Thomas Bachheimer: Obwohl der Vorfall mit der Hamas im Oktober in dieser Region nahezu unbemerkt blieb, zeichnet sich bei den Spannungen mit den Huthis eine Veränderung ab. Diese Veränderung manifestiert sich nicht unmittelbar auf den Straßen oder in Gesprächen mit den Einheimischen, sondern wirkt sich praktisch auf das alltägliche Leben aus. Seit Beginn des Jahres ist ein signifikanter Rückgang der Touristenzahlen in Dubai zu verzeichnen, obwohl dies normalerweise die Hochsaison ist. Im Vergleich zum Vorjahr ist bvon der gewohnten Belebung kaum etwas zu spüren. Dies führt auch zu einem Rückgang der Mietpreise für Langzeitmietwohnungen, da viele Vermieter flexibel zwischen Einjahresverträgen und Monatsmieten wechseln, abhängig von der Nachfragesituation.

Ich stehe vor der Aufgabe, im März meinen neuen Jahresmietvertrag auszuhandeln, und es scheint, als könnte ich die gleichen Konditionen wie im Vorjahr erreichen – ein in Dubai äußerst seltenes Phänomen, da die Mieten hier üblicherweise regelmäßig steigen, in manchen Jahren sogar im zweistelligen Prozentbereich. Die Einwohner Dubais scheinen die Ereignisse am Golf entspannter zu betrachten als Außenstehende. In der hohen Politik jedoch zweifelt niemand daran, dass der Iran in den aktuellen Vorfällen eine bedeutende Rolle spielt. Es ist wichtig, sich daran zu erinnern, dass die Königreiche am Golf ihren bemerkenswerten Wohlstand nicht nur durch die hervorragende Ausbildung ihrer heutigen Herrscher und ihre Vorkommen fossiler Brennstoffe erreicht haben, sondern auch durch langfristige dynastische Planung und entsprechendes Handeln.

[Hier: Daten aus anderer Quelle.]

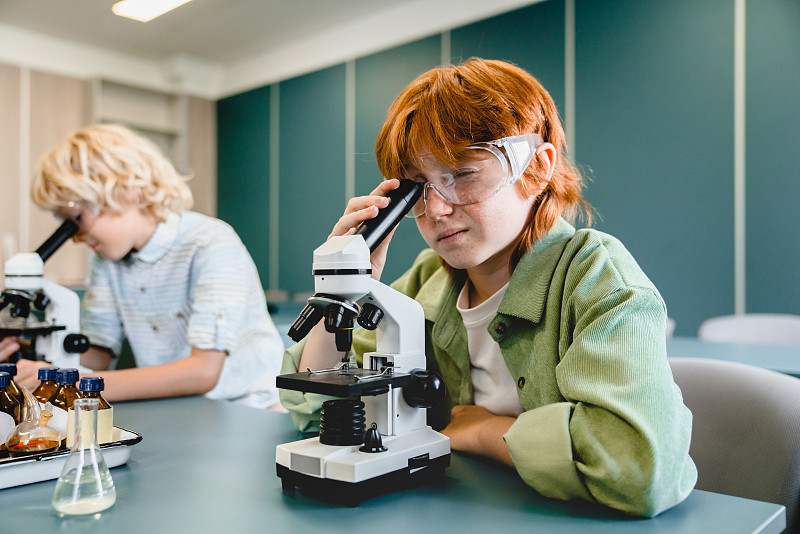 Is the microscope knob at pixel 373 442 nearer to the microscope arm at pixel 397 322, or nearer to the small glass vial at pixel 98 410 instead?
the microscope arm at pixel 397 322

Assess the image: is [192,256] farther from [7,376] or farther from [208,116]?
[208,116]

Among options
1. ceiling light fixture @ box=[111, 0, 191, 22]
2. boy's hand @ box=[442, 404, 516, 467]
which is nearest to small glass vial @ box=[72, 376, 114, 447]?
boy's hand @ box=[442, 404, 516, 467]

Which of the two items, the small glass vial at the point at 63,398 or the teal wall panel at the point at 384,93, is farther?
the teal wall panel at the point at 384,93

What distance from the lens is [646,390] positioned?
797 millimetres

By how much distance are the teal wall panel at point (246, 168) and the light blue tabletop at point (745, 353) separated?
4.16 meters

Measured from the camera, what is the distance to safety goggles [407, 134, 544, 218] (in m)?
1.04

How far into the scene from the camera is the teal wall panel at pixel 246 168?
593 centimetres

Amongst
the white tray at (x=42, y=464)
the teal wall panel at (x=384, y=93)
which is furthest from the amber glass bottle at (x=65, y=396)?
the teal wall panel at (x=384, y=93)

Seit 1979 strebt der Iran danach, dass diese Länder seinem Beispiel folgen und zu islamistischen Republiken werden. Aus diesem Grund verhalten sich die Herrscher, die religiös und kulturell eng mit den Palästinensern verbunden sind, in Bezug auf eine Einmischung in den Konflikt in Gaza zurückhaltend. Sie befürchten, dass ein Sieg der Minderheit in Israel Begehrlichkeiten nach einer islamistischen Revolution in der Golfregion wecken könnte. Auf den Straßen jedoch zeigt sich eine deutliche Unterstützung für Palästina. Dies stellt ein Paradoxon unserer Zeit dar.

DWN: Sie haben als einziger Zentraleuropäer am vergangenen BRICS-Gipfel in Südafrika teilgenommen. Wie war es da und was für Erkenntnisse haben Sie mit nach Hause genommen?

Thomas Bachheimer: Ich war vermutlich der Einzige, der an dem besagten Meeting teilgenommen hat – abgesehen von einem SWR-Kameramann, der jedoch nach kurzer Zeit wieder verschwand. In Europa schien man dieses Treffen bewusst herunterzuspielen oder gar zu ignorieren.

Mein Interesse an den BRICS-Staaten wurde vor etwa sechs Jahren durch einen Hinweis eines russischen Freundes geweckt. Schon 2018 prognostizierte er eine Neu-Polarisierung der Welt und eine Intensivierung der Aktivitäten der BRICS-Länder. Vor zwei Jahren erfuhr ich, dass Saudi-Arabien und die Vereinigten Arabischen Emirate beabsichtigen, den BRICS beizutreten, was auch der Grund für die Eröffnung einer Filiale unserer Firma GVS/Goldvorsorge hier war. Aus diesem Grund setzte ich alles daran, als Beobachter an der Konferenz teilnehmen zu können, insbesondere wegen der Spekulationen über eine mögliche neue BRICS-Gemeinschaftswährung.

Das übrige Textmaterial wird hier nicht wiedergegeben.